First of all, why did you wait until Friday afternoon before my Saturday a.m. appt to tell me that?  And secondly, my doctor's office was supposed to convey that information to you two weeks ago.  Who dropped the ball, them or you?  So two hours of my life were lost trying to figure that out (still dying of 12-hour-bilemania).  Ten minutes later:

"Oh haai!  Btw: you don't have authorization for your Remicade tomorrow so we have to cancel your appt."

Are you fucking kidding me?  I just spent two hours clearing this up.  You have the information in your system now.  Go ahead and turn your computer on.  Do it now while I'm on the phone so I can guide you through the process.  She's been checking that detail for the last 45 min... apparently their computers are made of bark.  Meanwhile...
"Oh hai there! Btw: your insurance wont be covering your Remicade appt because you were referred by your GI's office and not be the university health center!"
.................. is a referral by the doctor to whom I was referred by the university health center not by proxy a fucking referral?   I'm looking into it.  Because apparently their phones to other offices are also made of bark.  I'm sure I'll find out right after I get the bill.
6.  your PI and lab manager being in disagreement on the critical details of your new rotation project and failing to let you in on their decision 2hrs before your scheduled surgeries to use your mice for some other thing that came up... is just not cool.  serious demerits, y'all.

7.  TGI-take-home-midterm-F!


Tuesday, November 1, 2011

How to Suvrive in a Disorganized Lab

My first rotation has been in a large, renowned but chaotic lab.  We're about halfway through the term, and I have been mildly successful.

There is but one overarching rule for any student in a lab such as this (or any lab environment, for that matter):  be respectfully assertive.

This is an ubmrella rule that includes but is not limited to the following:

1.  Make sure that you are actually trained before you are sent off to perform experiments and obtain data.  It is a waste of everyone's time and materials (and dangerous if you are working with animals or viruses, etc.) to risk a new lab member collapsing an experiment because they were not properly trained*.  Seriously.  If your lab mentor is not up to the task, find someone who is or talk to your PI.  You can do this respectfully, with the understanding that your lab mentor may be distracted or under an unusual amount of pressure.

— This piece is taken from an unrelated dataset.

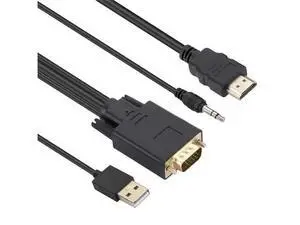 HDMI to VGA 1.8-meter with audio and power supply computer to TV high-definition cable main unit conversion high-definition connection cable HDMI to VGA 1.8-meter with audio and power supply computer to TV high-definition cable main unit conversion high-definition connection cable
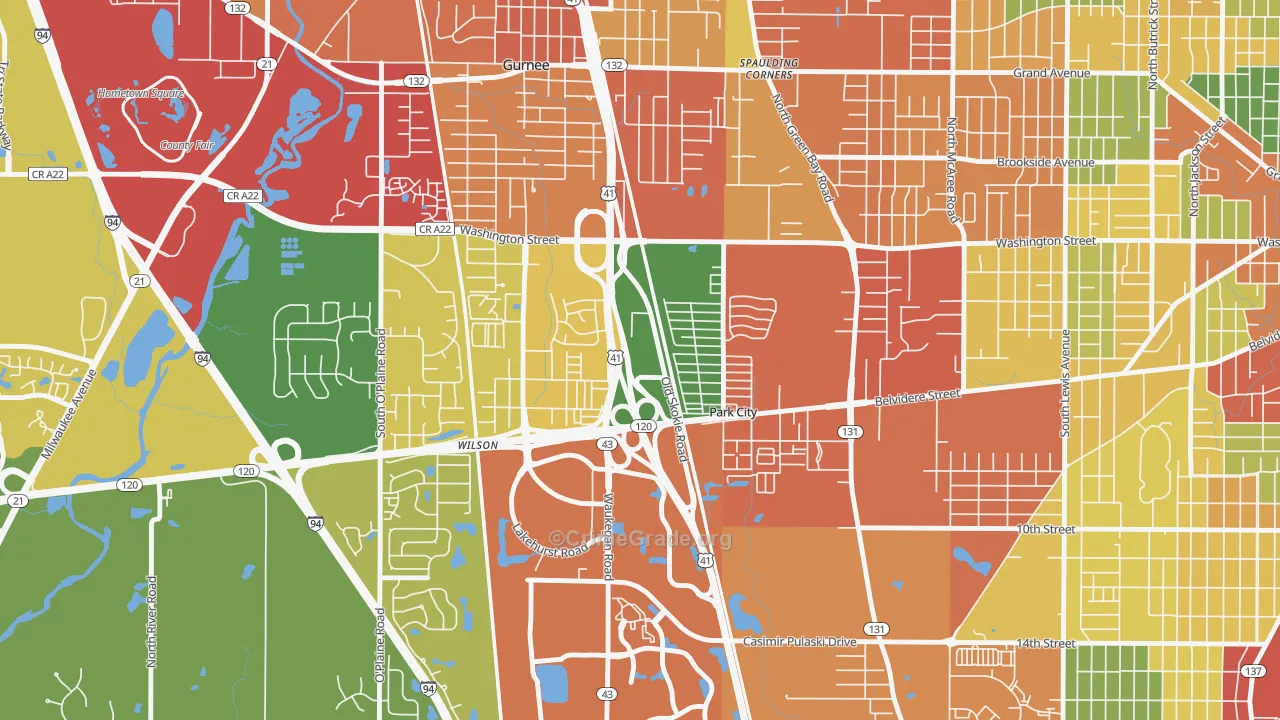 Park City, IL Map of Theft Rates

2.  Do not be afraid to ask questions and seek communication.  This seems obvious, but in certain labs it is difficult to gauge whose office/bay you can barge into with questions at any time, and with whom you need to set up an appointment by email to drop by for a 5 min discussion.  Find these details out early on in order to facilitate moving projects along.  Anyone in your lab should be happy to help you, or direct you to someone better equipped to do so.

3.  Your lab schedule will be dependent on the schedule of the person/people training you until you are self-sufficient.  And even then, you may have to coordinate sharing space/equipment and assistance on certain procedures.  Be respectful of the demands on the people training you, but do not submit to being trampled all over either.   

In my current lab, not many people typically know what is going on at any given time.  This is problematic as there is an extensive amount of sharing space/equipment, and many people participating in different elements of the same projects.  It's something they're [we're] working on... little by little.  It's something that I'm learning to navigate with mild success.




* experiments go awry often enough on their own without this variable aiding their demise.